DIRECTIONS:
In your reply, repeat the full listing exactly and leave each picture out.

SUPPLIED DATA:

____

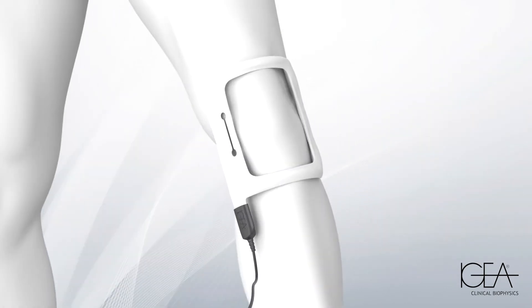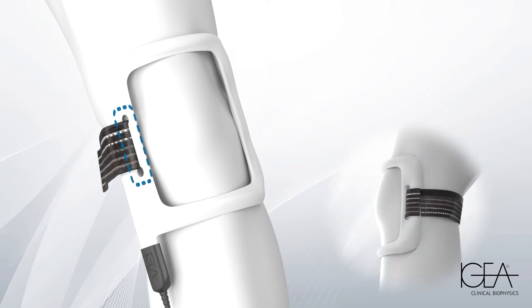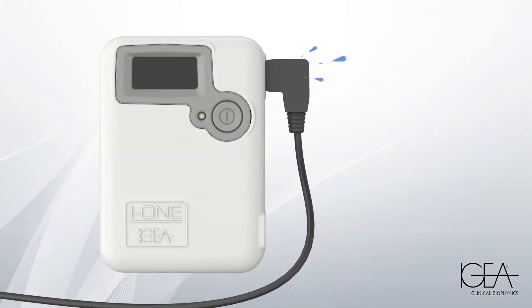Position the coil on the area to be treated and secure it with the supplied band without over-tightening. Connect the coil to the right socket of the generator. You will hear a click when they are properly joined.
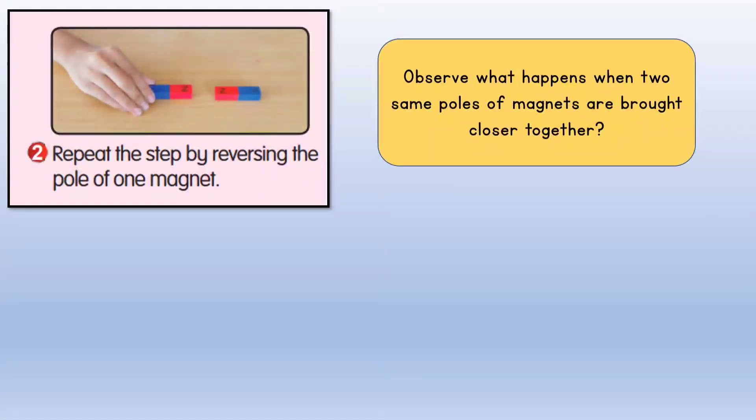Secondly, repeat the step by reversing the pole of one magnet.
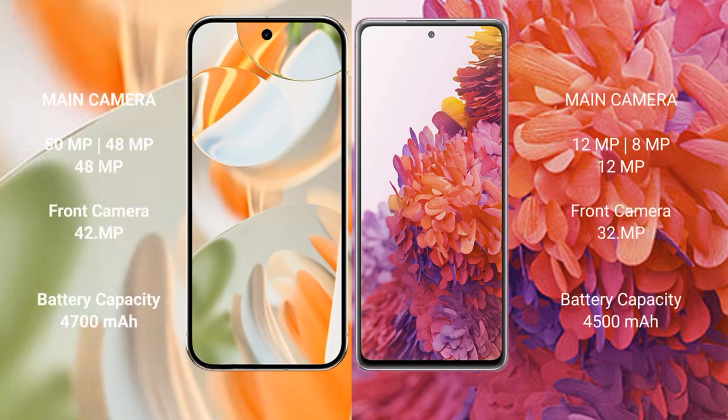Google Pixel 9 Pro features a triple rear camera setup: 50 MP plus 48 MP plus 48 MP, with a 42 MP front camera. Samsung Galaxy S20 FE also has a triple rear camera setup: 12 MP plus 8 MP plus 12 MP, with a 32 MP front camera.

____

RESULT OF THIS EXERCISE:
Position the coil on the area to be treated and secure it with the supplied band without over-tightening. Connect the coil to the right socket of the generator. You will hear a click when they are properly joined.
Secondly, repeat the step by reversing the pole of one magnet.
Google Pixel 9 Pro features a triple rear camera setup: 50 MP plus 48 MP plus 48 MP, with a 42 MP front camera. Samsung Galaxy S20 FE also has a triple rear camera setup: 12 MP plus 8 MP plus 12 MP, with a 32 MP front camera.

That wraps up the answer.